This is a technical lemma about the existence of a smooth curve between any two points on a sphere.
Lemma: Let $\mathcal{S}=\{ x:||x||=r\}$, where $r>0$, and let $t_1,t_2\in \mathcal{S}$. Then there is a differentiable mapping $c:(0, 2\pi) \mapsto \mathcal{S}$ that passes through $t_1$ and $t_2$; that is, there exist $\alpha_1,\alpha_2 \in (0, 2\pi)$ such that $c(\alpha_1)=t_1$ and $c(\alpha_2)=t_2$.
Proof: Let $\mathcal{H}$ be a hyperplane that passes through $t_1,t_2,0$ in $\mathbb R^p$. Then $\mathcal{C}=\mathcal{H} \cap \mathcal{S}$ is a circle centered at the origin with radius $r$. Pick an arbitrary point $t_3$ in $\mathcal{C}$ that is not $t_1$ and $t_2$, and let $t_4$ be the point on $\mathcal{C}$ obtained by rotating $t_3$ counterclockwise 90 degree along $\mathcal{C}$. Then any point $t$ in $\mathcal{C}$ that is not $t_3$ can be written as $t=\cos(\alpha)t_3+\sin(\alpha)t_4$ for some $\alpha \in (0, 2\pi)$. By construction, $\{ c(\alpha): \alpha \in (0, 2\pi) \}$ is a differentiable curve that passes through $t_1$ and $t_2$.
Question 1: In the proof, it lacks the description of the function $c(\alpha)$. It only says that $t=\cos(\alpha)t_3+\sin(\alpha)t_4$ for some $\alpha \in (0, 2\pi)$. But what is the function $c(\alpha)$?
Question 2: For any point $t \in C$, why we can guarantee that t can be expressed as $\cos(\alpha)t_3+\sin(\alpha)t_4$? I know $t_3$ and $t_4$ are orthogonal. I also know $H$ is a 2-dimensional plane and $C$ is a circle centered at the origin with radius r. I guess it's due to Fourier basis?
Question 3: I don't understand that "By construction, $\{ c(\alpha): \alpha \in (0, 2\pi) \}$ is a differentiable curve that passes through $t_1$ and $t_2$.".
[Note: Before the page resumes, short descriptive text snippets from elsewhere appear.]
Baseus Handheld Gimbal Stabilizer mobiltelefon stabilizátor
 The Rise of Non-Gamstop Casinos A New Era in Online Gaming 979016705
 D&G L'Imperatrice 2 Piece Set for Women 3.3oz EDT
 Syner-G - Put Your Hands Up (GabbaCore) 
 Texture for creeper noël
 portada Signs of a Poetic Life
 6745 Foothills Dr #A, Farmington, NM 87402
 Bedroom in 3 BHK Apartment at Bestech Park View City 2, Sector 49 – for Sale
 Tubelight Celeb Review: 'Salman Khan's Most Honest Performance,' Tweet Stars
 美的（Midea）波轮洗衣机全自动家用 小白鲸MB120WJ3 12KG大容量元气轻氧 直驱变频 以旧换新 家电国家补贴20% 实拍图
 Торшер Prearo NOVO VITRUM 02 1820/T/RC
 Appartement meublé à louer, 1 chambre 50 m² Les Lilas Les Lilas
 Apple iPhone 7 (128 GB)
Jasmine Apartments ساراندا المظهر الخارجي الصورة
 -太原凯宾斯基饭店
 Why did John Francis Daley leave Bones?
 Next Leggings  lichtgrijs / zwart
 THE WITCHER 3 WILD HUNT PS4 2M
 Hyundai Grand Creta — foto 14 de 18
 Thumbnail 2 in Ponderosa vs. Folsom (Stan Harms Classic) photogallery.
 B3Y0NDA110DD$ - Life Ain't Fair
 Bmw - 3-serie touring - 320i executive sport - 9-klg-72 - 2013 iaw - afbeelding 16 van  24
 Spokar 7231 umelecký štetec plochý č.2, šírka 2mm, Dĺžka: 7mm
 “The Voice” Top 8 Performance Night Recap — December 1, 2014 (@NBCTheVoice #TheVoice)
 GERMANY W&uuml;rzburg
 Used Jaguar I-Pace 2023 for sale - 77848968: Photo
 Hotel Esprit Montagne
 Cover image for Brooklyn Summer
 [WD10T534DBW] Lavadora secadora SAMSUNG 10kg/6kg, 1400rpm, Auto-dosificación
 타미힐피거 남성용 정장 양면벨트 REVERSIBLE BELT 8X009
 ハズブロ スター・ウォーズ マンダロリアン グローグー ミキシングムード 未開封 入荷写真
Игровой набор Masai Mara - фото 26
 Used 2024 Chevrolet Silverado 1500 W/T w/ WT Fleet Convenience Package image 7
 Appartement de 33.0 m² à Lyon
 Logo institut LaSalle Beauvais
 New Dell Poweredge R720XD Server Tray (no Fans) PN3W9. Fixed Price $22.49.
As for question 1, presumably $c(\alpha) = t_3\cos(\alpha) + t_4\sin(\alpha)$ to illustrate the conclusion of the lemma.
For question 2, you don't need any Fourier analysis. It's just that once you identify that $t_3$ and $t_4$ are orthogonal vectors in a vector space and they have the same modulus, then in the plane spanned by $t_3$ and $t_4$, the curve $c(\alpha)$ can be identified with a circle of radius $|t_3| = |t_4|$, the same way that $e_1\cos(\theta) + e_2\sin(\theta)$ is a unit circle in the plane, and $e_1,e_2$ is the standard orthonormal basis of the plane.
For question 3, the curve $c(\alpha)$ is differentiable because $\cos(\alpha)$ and $\sin(\alpha)$ are differentiable.